__Available records__:
::::::::::
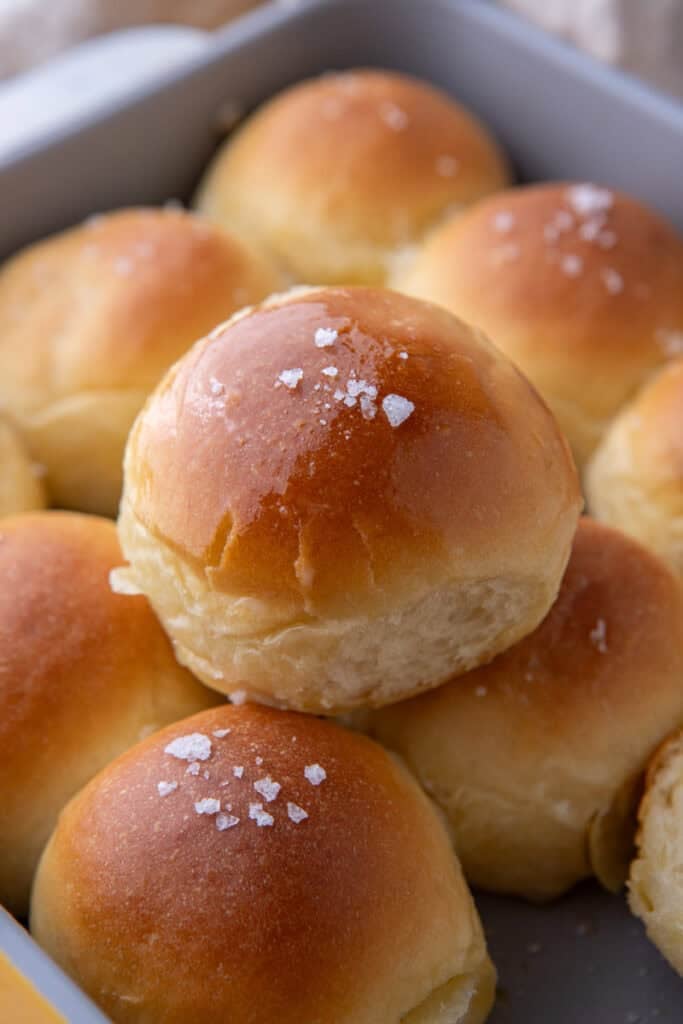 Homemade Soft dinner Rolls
::::::::::
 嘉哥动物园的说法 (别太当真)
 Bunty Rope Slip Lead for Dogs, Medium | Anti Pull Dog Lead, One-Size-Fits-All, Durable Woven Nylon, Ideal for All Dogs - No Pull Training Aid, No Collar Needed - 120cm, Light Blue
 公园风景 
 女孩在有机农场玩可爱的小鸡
::::::::::
__Action item__: Look above for the line holding "Bunty Rope Slip", then set down exactly that line and every line after it up to and including the line holding "女孩在有机农场玩可爱的小鸡", with nothing else.

__Answer to this task__:
 Bunty Rope Slip Lead for Dogs, Medium | Anti Pull Dog Lead, One-Size-Fits-All, Durable Woven Nylon, Ideal for All Dogs - No Pull Training Aid, No Collar Needed - 120cm, Light Blue
 公园风景 
 女孩在有机农场玩可爱的小鸡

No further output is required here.